Quality Assurance & Food Safety magazine: Why is food safety culture important to you?

Frank Yiannas: Food safety culture is important to me because I’ve learned through experiences in the real world, it’s what matters most in producing safe food.

In fact, I believe that a strong food safety culture is a prerequisite for an effective food safety management system. Let me explain how I came to this realization.

I’ve been fortunate to have had a long career in food safety in both the private and now the public sector. I spent more than 30 years working on food safety with two giants in their respective industries: the Walt Disney Co and Walmart.

My entire career I’ve been working to keep others safe, first for millions of guests that visit Disney theme parks, resorts and cruise ships each year, and then the greater than 140 million customers who shop at Walmart stores on a weekly basis, to now the approximately 330 million Americans that the FDA serves to protect the health of nationwide.

And what I learned from years of experience on both sides of the fence, public and private, is that you can have the best science, the best documented food safety procedures, policies and rules in the world, but if they’re not put into practice by people, they’re useless.

You see, what we say or what we write about food safety is important. I could go on to say it’s critically important, but it’s not what matters most. It’s what we do — our behaviors — that matters most. In fact, that’s why I like to say that, simply put, food safety equals behavior.
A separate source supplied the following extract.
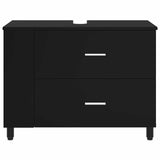 Bathroom Vanity Unit Black 80 x 35 x 60 cm Engineered Wood 889386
And it’s actually impossible to make improvements in food safety, whether it’s in an organization, a city, or country for that matter, without influencing the thoughts, attitudes and behaviors of people who work with food.

When food safety is viewed from this lens, it’s clear that advancing food safety requires going beyond the traditional basics and it requires a better understanding of human behavior and concepts of organizational culture.

QA: When was sort of the “aha” moment for you on food safety culture?

FY: My “aha” moment came to me many years ago when I was asked to lead, in addition to food safety, occupational safety and health at the Walt Disney Co.

As I learned more about the occupational safety and health profession, it became clear to me that as a profession, they were already considering the role of organizational culture and human behavior in workplace-related injuries. In other words, one could design safe workplaces, provide employees with the right personal protective equipment and appropriate training and develop standard operating procedures, but occupational injuries could still occur. Why? Because the attitudes, beliefs and social norms related to safety in an organization of any size often influence the behaviors of others.

It was that experience that caused me to start drawing from some of those same organizational culture and behavioral science principles and incorporating them into how I approached food safety. And it worked. Suddenly, by striving to build a food safety culture — not just a food safety program — I started to achieve better results.

And it was that experience that motivated me to write the first book on the topic in our field, “Food Safety Culture: Creating a Behavior-Based Food Safety Management System.”

QA: Culture and values are words used a lot to attract talent to companies. Can food safety culture be used as a hiring tool?

FY: Absolutely. Let me explain two ways in which it might be useful to attract top talent.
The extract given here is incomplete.